_Prompt_
Would you please return the data below verbatim, without its pictures?

_Stored dataset items_
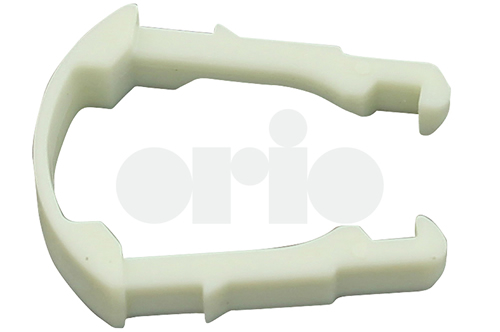 Clips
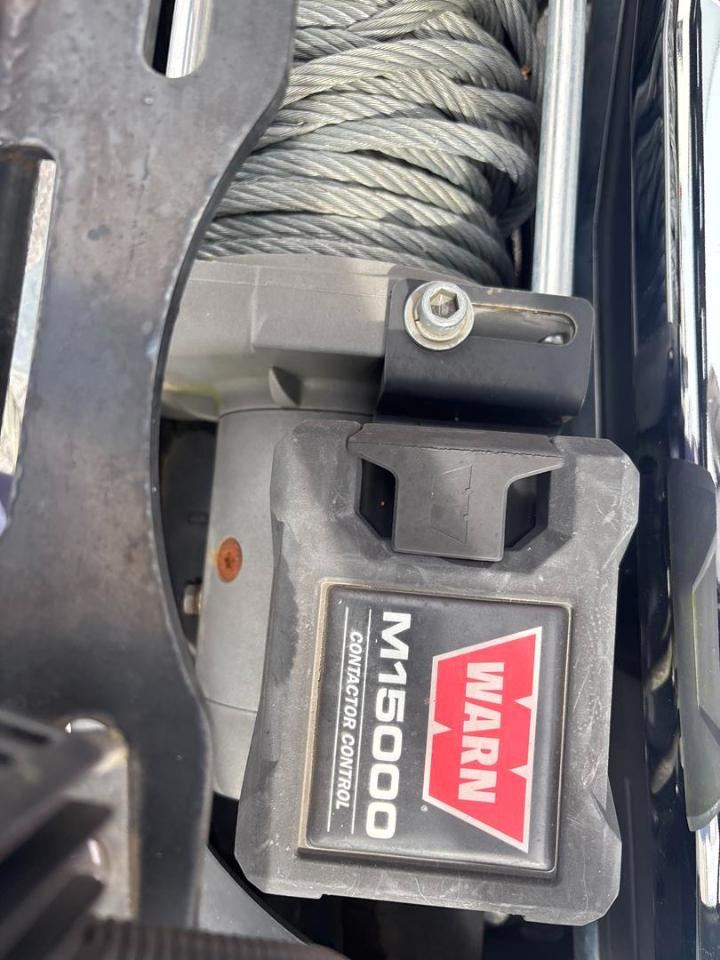 Chevrolet Silverado 3500HD 4WD Crew Cab 153.7" Work Truck 2017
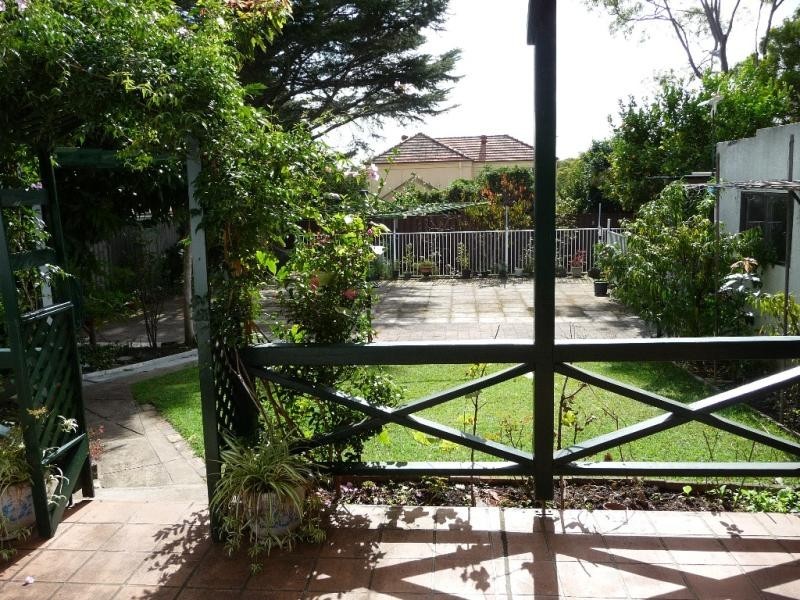 14 Lloyd Street, Oatley NSW 2223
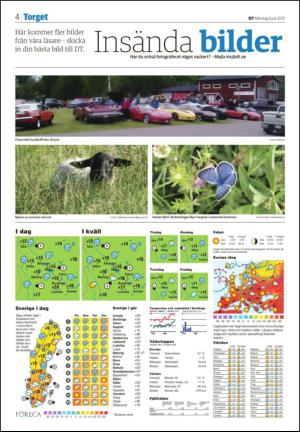 sodradalarnestidning_seksjon-20150706_000_00_00_004.pdf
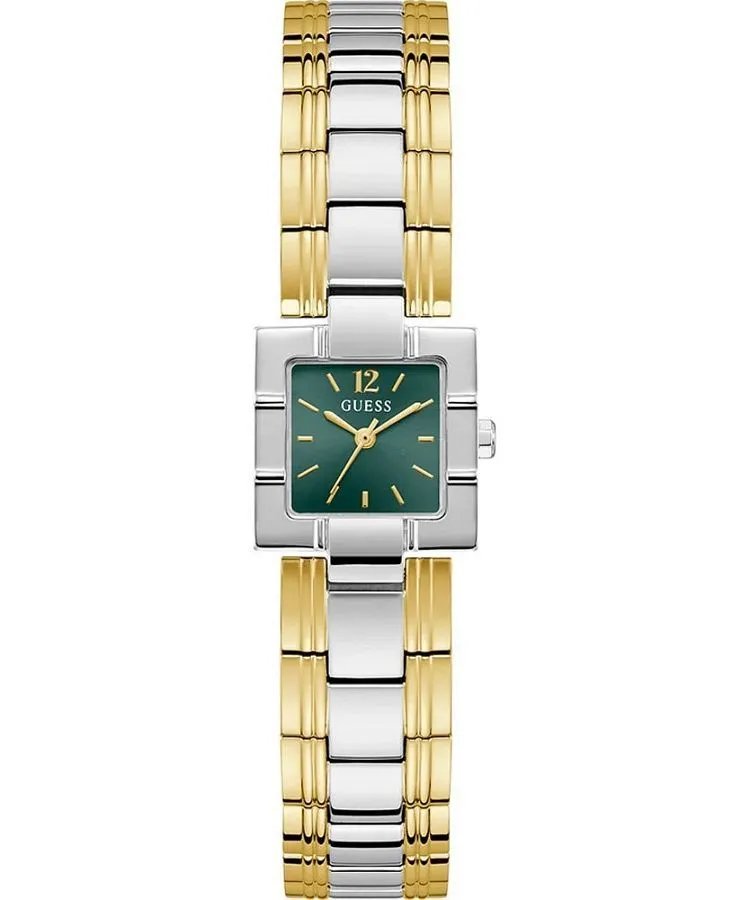 Guess Sport Taylor női karóra GW0922L3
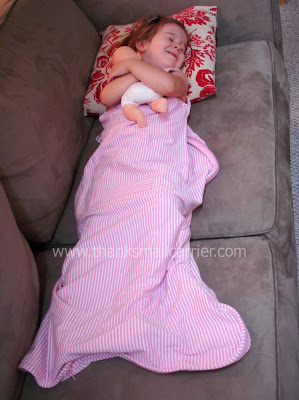 toddler sleepsack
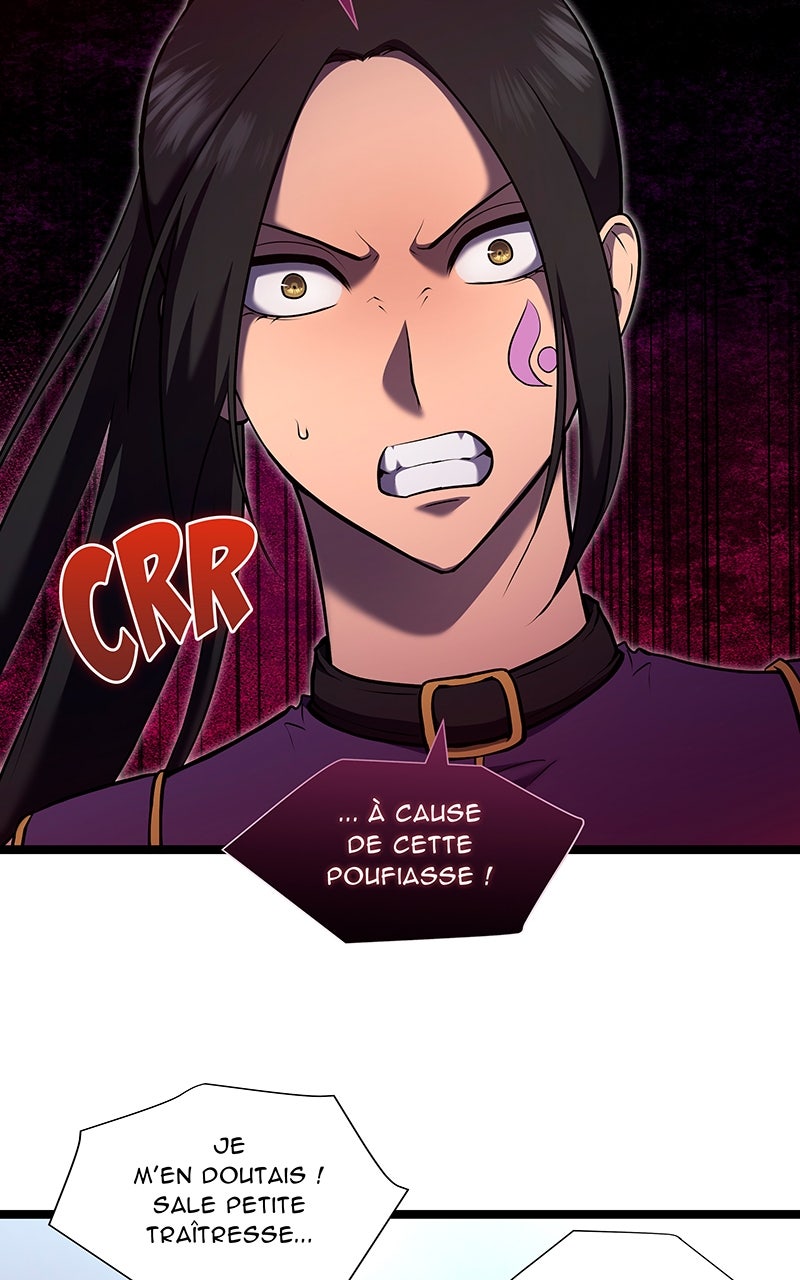 Read Arena vf Manga Online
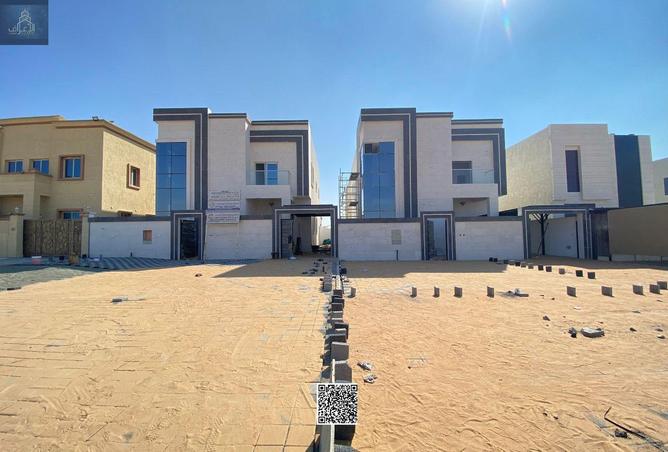 15671255 - الصورة الرئيسية للعقار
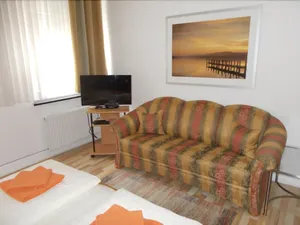 Image of Hotel am Freihafen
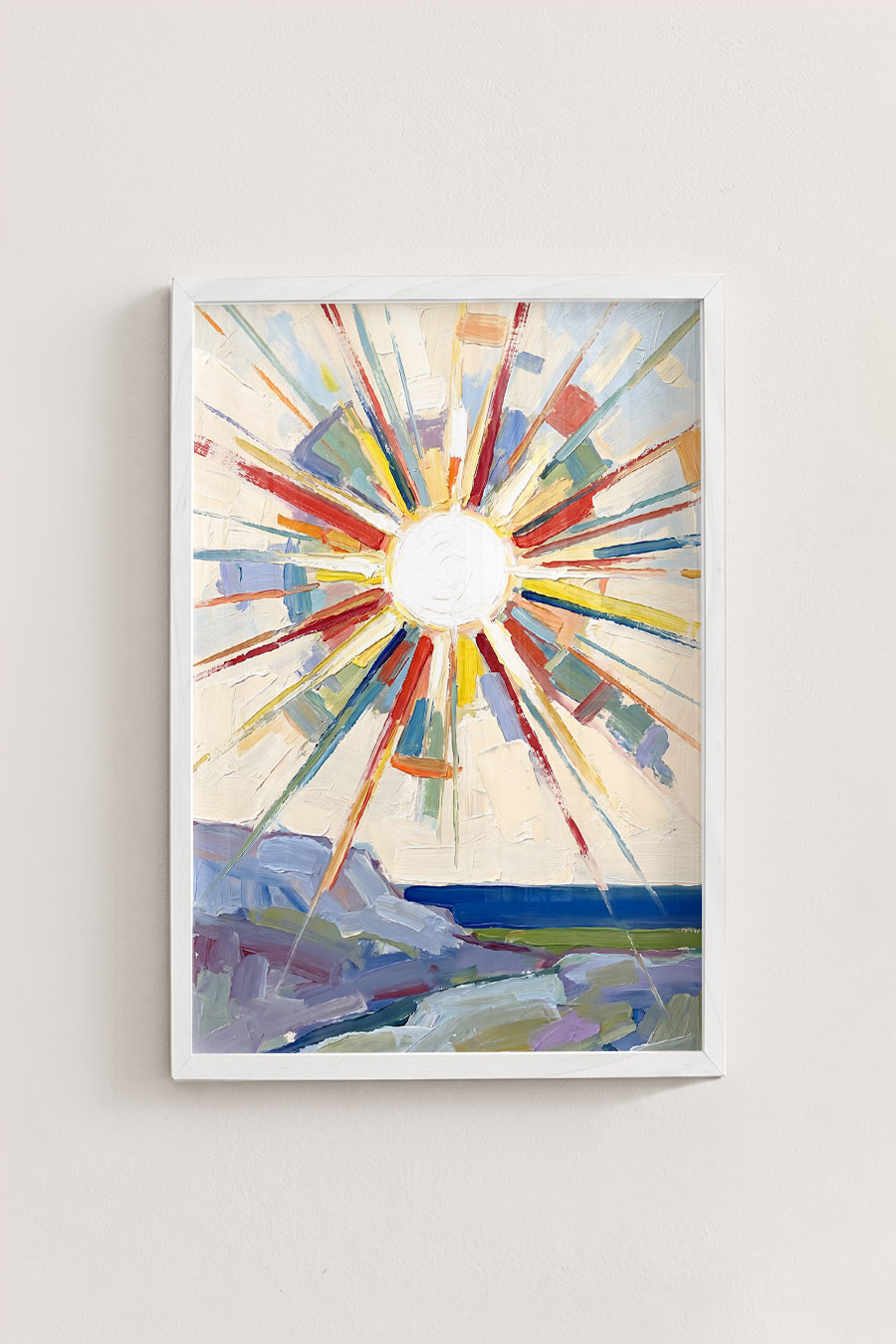myikona-poster-frame-color-white_c-010808-13.jpg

_Exercise solution_
 Clips
 Chevrolet Silverado 3500HD 4WD Crew Cab 153.7" Work Truck 2017
 14 Lloyd Street, Oatley NSW 2223
 sodradalarnestidning_seksjon-20150706_000_00_00_004.pdf
 Guess Sport Taylor női karóra GW0922L3
 toddler sleepsack
 Read Arena vf Manga Online
 15671255 - الصورة الرئيسية للعقار
 Image of Hotel am Freihafen
myikona-poster-frame-color-white_c-010808-13.jpg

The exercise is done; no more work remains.